Утром, угрюмые, мы бродили по коридору. Распорядок дня был нарушен. Все сидели и слушали радио, забыли о зарядке, построении, завтраке. На 5 часов было назначено траурное заседание. Настроение у всех подавленное. Только идиот Володя Бескрайний рассказывал похабные анекдоты и смеялся как ни в чем не бывало.
Позвонил домой. Мать говорит: "Умер твой батька" - и плачет. В пятницу, по дороге в фотографию, наблюдал за поведением людей на улице. Мне показалось, что все довольно равнодушны. Придя к своим, долго возмущался тем, что не заметно нигде, что умер человек, величие которого даже трудно охарактеризовать обычными словами. Траурная музыка все время вызывает слезы. Глаза становятся влажными, блестящими, но внешне ничего не заметно.

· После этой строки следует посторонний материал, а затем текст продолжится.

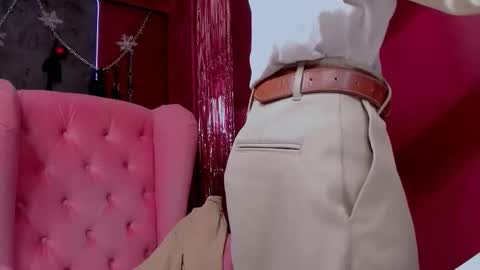 Snapshot of luke_sweet chatting on 22, 12, 2025 Luke online show from 22, 12, 2025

С подарком для матери пришел домой 8 марта. Она сильно плакала. Говорит, что умер не только Отец, но и Бог, у которого мы жили за пазухой. На Маленкова смотрит с недоверием, говорит, что молод слишком. Отец сказал, что у него на работе все сотрудники плакали. А у нас на траурном митинге только Артур Кудрявцев рыдал и несколько преподавателей. Не поняли еще многие глубины несчастия.